The webhook waits for all workers to complete and returns the full results.

Use when:

  • You need the worker's response immediately
  • Your external system can wait for execution
  • You want atomic behavior (all-or-nothing)

Response (200):

{
  "success": true,
  "webhookId": "wh_xxxxx",
  "timestamp": "2025-01-15T12:00:00Z",
  "executionMode": "sync",
  "results": [
    {
      "workerId": "worker-123",
      "executionId": "exec-abc123",
      "success": true,
      "promptTokens": 1500,
      "result": {
        "role": "assistant",
        "content": "Worker response here..."
      }
    }
  ]
}

Asynchronous Mode

The webhook starts executions and returns immediately with execution IDs.

Use when:

  • Your external system cannot wait for long-running tasks
  • You want to start multiple workers in parallel
  • You'll poll for results separately

Response (202):

{
  "success": true,
  "webhookId": "wh_xxxxx",
  "timestamp": "2025-01-15T12:00:00Z",
  "executionMode": "async",
  "results": [
    {
      "workerId": "worker-123",
      "executionId": "exec-abc123",
      "success": true
    }
  ]
}

To retrieve results later, use the Get Execution Result endpoint with the executionId.


Request Format

Send a POST request with a JSON body.

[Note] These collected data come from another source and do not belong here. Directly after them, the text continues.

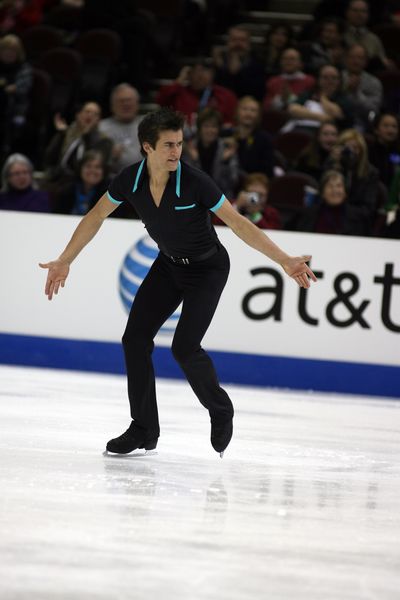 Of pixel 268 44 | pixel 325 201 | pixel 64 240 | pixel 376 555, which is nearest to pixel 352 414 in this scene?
pixel 325 201

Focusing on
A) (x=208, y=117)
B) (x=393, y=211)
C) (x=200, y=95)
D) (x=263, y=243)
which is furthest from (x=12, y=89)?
(x=263, y=243)

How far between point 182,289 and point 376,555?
1.74m

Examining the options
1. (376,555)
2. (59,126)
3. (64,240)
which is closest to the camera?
(376,555)

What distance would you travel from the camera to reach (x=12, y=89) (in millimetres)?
10352

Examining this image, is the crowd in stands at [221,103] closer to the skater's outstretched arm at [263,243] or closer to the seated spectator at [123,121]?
the seated spectator at [123,121]

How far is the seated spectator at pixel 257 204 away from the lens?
8.31 meters

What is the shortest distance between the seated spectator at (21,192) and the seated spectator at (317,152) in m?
2.08

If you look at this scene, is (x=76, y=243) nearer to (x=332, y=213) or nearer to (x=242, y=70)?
(x=332, y=213)

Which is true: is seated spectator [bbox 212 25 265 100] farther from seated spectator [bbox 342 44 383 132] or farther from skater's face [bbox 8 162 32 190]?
skater's face [bbox 8 162 32 190]

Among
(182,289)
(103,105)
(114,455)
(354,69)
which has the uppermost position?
(182,289)

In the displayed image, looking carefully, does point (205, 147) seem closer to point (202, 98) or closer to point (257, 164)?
→ point (257, 164)

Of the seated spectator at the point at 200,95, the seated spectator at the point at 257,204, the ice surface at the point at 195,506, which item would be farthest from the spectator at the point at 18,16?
the ice surface at the point at 195,506

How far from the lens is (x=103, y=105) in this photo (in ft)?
36.2

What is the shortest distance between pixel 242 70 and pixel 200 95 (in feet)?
2.07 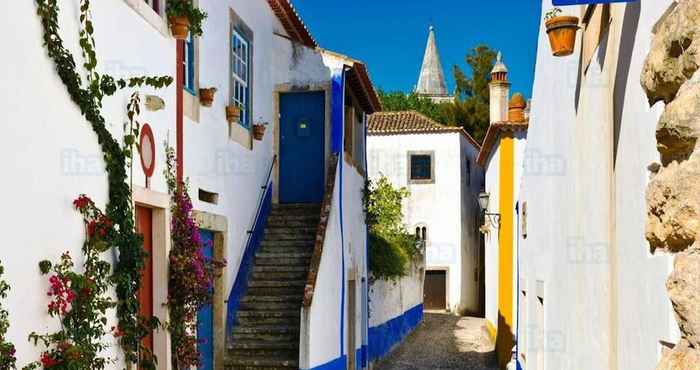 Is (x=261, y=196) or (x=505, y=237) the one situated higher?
(x=261, y=196)

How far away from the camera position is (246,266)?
11.9m

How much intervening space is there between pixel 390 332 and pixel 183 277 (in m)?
13.3

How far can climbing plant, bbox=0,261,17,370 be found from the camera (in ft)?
16.7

The body content is passed directly to the workers as inputParams.

POST /api/v1/webhooks/wh_xxxxx
Content-Type: application/json
X-Webhook-Secret: your-secret

{
  "userMessage": {
    "role": "user",
    "content": "Process this request from the external system"
  },
  "customData": {
    "orderId": "12345",
    "customerEmail": "[email protected]"
  }
}

The JSON structure depends on what your workers expect as input parameters.


Response Status Codes

StatusDescription
200Sync mode: All workers executed successfully
202Async mode: Executions started in background
400Invalid webhook ID or malformed request
401Authentication failed (invalid secret/signature)
403Webhook is inactive
404Webhook not found
429Rate limit exceeded
500Sync mode: One or more workers failed

Managing Webhooks

View Webhook Secret

If you need to retrieve your webhook secret:

  1. Go to Settings > Webhooks
  2. Click the View Secret button on the webhook
  3. The secret will be displayed (requires authorization)

Regenerate Secret

To generate a new secret (invalidates the old one):

  1. Go to Settings > Webhooks
  2. Click the Regenerate Secret button
  3. Copy the new secret immediately
  4. Update your external systems with the new secret

Test a Webhook

Use the built-in test feature:

  1. Go to Settings > Webhooks
  2. Click Test on the webhook
  3. Edit the test payload if needed
  4. Click Execute Test
  5. View the response in the modal

The test modal also provides a ready-to-use cURL command.

Deactivate a Webhook

Toggle the Active status to temporarily disable a webhook without deleting it.


Use Cases

CRM Integration

Trigger an AI Worker when a new lead is created in your CRM to automatically research and enrich the lead data.

E-commerce Automation

Execute an AI Workflow when an order is placed to generate personalized thank-you emails or process refund requests.

Support Ticket Processing

Automatically categorize and route support tickets by triggering an AI Worker when tickets are created in your helpdesk.

Scheduled Reports

Connect with scheduling services to trigger report generation workflows at specific intervals.

IoT and Monitoring

Trigger analysis workflows when sensors or monitoring systems detect anomalies.


Security Best Practices

  1. Use HMAC Signature for production integrations - it provides the strongest security by validating the entire request body
  2. Store secrets securely - never commit webhook secrets to version control
  3. Rotate secrets periodically - use the regenerate feature to create new secrets
  4. Use HTTPS only - webhook URLs are always HTTPS
  5. Validate in your system - verify webhook responses match expected formats
  6. Monitor usage - check call statistics to detect unusual patterns

Rate Limiting

Webhooks respect the platform's rate limits:

  • Global rate limits apply
  • Per-user rate limits are enforced
  • Per-model rate limits for LLM operations

When rate limited, the webhook returns a 429 status code. Implement retry logic with exponential backoff in your external systems.